We were ushered into a room inside a room inside a room… I lost the count, but the name of the restaurant started making sense. We were seated in a martial fashion on a table for eight(we were later on joined by an illad family). An attempt by Prashanth to seat himself at the place of his choice was foiled by a stout and bald veshti clad gentleman. In the meanwhile Prashanth apparently spotted a beautiful girl in the room just before the room we were in and he started acting stoned (he still cribs about moving one more room inside).
The meal started with grape juice. This was followed by carrot salad(I’m sure it has some other name) and a large quantity of chutney. The first round included dosa which were too yummy (better synonym unavailable) and so I had a second helping. After this I was served bisibele bath, a local cuisine of which I had been introduced through my PLCC(Programming Language and Compiler Construction) lecture slides. Usually I am not a big fan of any dish which has that tinge of brown which the bisibele bath served to me had. However I was mistaken and I loved it. In the meanwhile, people who served food (waiter sounds inappropriate) were hell bent on proving that they don’t give a damn about the 21st century pro-consumer crap. From avial in my payasam to water on my rice, I was in for a potpourri of brilliance. By now my plate had avial, rice, sambhar, halwa, payasam, beetroot dish and salad.

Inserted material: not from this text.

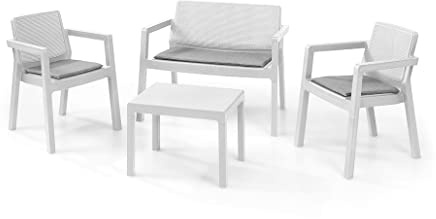 Keter Emily Lounge Set, Mobili Da Giardino Superficie Liscia Con Divano 2 Posti 2 Sedie E Tavolino, Bianco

Time for a digression. When I was a kid and used to go to kerala at my grandmother’s, she used to serve rice to me and my brother with homemade ghee. It used to be … well yummy. One of the MTR people who served food poured a spoon of ghee on my rice( and water and avial and on everything in its trajectory). It was getting better every passing minute. When it was turn to eat rice, I thought of getting rid of my spoon (before the people who served food might ask me to) and eat it Indian style. By now my stomach was bulging out and my tongue was in a trance. When Rasam came, I couldn’t have faith on even MTR, because I am a chronic Rasam intolerant. By then end of rice, the tensile strength of my duodenum was under test. However it was followed by the inevitable(in south india) curd rice. On a normal day, I would have said “curd rice? Really?”. I usually find it difficult to understand how such a bland combination of mere rice and curd is staple food for millions. But well that day was no ordinary day and MTR gave me something more to hog on. By the time I finished the elaborate dessert ( paysam + halwa+ icecream), I was all smiles for the food. The exit from the building was even more interesting. We came down a flight of stairs and found ourselves in the middle of the kitchen. We found our way out, to be greeted by the Bangalore of 2010 all over again.